**Extracted entries:**
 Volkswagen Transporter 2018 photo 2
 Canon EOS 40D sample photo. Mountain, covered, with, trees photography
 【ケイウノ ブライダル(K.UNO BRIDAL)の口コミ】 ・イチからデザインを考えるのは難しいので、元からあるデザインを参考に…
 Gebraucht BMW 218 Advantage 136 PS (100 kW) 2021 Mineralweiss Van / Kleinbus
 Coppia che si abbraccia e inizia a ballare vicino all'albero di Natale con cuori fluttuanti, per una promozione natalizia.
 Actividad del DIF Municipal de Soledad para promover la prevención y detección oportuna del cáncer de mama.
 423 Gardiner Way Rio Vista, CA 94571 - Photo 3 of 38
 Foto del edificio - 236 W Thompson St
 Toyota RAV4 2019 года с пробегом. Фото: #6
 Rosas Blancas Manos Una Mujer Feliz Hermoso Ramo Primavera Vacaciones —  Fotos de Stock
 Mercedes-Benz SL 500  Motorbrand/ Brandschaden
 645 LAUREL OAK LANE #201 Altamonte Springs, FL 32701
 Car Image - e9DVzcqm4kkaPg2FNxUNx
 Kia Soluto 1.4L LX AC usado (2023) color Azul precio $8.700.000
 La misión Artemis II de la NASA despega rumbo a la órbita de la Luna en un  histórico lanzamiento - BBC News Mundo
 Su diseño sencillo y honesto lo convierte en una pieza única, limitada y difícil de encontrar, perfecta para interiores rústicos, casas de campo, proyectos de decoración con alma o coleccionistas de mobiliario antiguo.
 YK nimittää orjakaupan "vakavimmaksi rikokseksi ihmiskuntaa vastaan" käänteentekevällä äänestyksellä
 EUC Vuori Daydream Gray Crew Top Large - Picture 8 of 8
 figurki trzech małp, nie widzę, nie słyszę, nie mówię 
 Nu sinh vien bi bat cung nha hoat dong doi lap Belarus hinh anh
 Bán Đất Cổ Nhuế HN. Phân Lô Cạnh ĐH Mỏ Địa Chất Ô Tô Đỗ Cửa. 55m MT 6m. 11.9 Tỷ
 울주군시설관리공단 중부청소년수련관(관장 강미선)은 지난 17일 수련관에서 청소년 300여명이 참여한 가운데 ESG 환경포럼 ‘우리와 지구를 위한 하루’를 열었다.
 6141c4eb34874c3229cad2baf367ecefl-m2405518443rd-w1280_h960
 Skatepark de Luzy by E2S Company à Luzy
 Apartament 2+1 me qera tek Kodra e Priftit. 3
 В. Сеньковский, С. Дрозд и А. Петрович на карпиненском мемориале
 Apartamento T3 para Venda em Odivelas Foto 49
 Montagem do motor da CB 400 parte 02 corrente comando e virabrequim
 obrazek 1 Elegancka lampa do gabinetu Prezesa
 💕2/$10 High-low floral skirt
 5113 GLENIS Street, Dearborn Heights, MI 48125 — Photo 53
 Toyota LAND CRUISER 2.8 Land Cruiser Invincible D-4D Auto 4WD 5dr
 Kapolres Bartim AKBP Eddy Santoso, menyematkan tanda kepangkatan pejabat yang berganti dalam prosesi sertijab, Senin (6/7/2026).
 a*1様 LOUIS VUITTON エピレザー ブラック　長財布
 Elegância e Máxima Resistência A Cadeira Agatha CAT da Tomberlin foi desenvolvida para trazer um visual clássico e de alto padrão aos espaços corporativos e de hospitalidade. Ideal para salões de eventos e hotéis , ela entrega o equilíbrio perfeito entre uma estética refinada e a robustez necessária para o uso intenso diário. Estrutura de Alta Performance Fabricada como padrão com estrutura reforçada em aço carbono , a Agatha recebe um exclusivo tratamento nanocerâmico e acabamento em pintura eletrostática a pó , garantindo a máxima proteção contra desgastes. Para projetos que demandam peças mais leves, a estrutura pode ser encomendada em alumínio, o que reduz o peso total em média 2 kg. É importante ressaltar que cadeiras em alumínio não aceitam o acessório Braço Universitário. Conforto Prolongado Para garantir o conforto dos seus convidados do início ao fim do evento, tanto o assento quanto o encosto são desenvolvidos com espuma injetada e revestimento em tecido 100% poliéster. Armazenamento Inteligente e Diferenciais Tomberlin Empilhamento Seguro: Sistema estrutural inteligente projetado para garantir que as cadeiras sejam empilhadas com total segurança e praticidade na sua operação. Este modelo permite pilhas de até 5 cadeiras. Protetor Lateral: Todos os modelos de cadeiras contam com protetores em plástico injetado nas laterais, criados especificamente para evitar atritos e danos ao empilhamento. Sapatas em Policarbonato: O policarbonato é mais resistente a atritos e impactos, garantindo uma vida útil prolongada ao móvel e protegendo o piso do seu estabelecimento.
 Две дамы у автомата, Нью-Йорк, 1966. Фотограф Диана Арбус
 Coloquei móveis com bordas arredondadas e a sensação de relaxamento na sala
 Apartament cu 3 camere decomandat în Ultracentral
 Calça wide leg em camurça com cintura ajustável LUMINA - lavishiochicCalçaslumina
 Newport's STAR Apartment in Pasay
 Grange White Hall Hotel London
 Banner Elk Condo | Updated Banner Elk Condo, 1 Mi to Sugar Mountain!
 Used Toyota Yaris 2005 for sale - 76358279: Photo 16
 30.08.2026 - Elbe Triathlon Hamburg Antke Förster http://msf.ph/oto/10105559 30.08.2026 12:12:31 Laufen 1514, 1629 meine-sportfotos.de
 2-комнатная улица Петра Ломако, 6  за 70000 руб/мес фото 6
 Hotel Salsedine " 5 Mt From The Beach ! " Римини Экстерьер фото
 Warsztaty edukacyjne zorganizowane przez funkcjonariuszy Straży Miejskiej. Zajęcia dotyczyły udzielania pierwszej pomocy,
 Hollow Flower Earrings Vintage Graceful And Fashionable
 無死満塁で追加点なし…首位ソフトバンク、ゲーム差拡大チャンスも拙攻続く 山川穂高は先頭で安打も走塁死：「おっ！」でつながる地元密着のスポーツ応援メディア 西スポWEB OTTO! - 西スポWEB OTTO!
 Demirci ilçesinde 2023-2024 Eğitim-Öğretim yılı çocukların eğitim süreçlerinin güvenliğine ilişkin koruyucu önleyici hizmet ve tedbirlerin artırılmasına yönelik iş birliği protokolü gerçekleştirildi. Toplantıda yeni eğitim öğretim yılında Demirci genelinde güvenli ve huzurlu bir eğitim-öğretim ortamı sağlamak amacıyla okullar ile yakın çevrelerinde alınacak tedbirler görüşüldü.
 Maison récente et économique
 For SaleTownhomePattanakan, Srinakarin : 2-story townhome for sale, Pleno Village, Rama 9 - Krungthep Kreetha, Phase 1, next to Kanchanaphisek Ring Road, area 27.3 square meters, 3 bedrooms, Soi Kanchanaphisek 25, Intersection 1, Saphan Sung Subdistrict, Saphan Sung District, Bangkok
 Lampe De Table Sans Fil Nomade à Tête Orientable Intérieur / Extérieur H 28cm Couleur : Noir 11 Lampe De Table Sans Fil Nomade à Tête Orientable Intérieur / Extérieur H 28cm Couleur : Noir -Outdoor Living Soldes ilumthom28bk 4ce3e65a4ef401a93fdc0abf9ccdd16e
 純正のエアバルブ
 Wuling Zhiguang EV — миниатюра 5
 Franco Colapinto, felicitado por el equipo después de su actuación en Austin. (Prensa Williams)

**Aim of the exercise:**
Looking at the entries above, can you reproduce exactly the lines from the one that holds "High-low floral skirt" through the one that holds "a*1様 LOUIS VUITTON エピレザー ブラック　長財布", and only those?

**Your solution:**
 💕2/$10 High-low floral skirt
 5113 GLENIS Street, Dearborn Heights, MI 48125 — Photo 53
 Toyota LAND CRUISER 2.8 Land Cruiser Invincible D-4D Auto 4WD 5dr
 Kapolres Bartim AKBP Eddy Santoso, menyematkan tanda kepangkatan pejabat yang berganti dalam prosesi sertijab, Senin (6/7/2026).
 a*1様 LOUIS VUITTON エピレザー ブラック　長財布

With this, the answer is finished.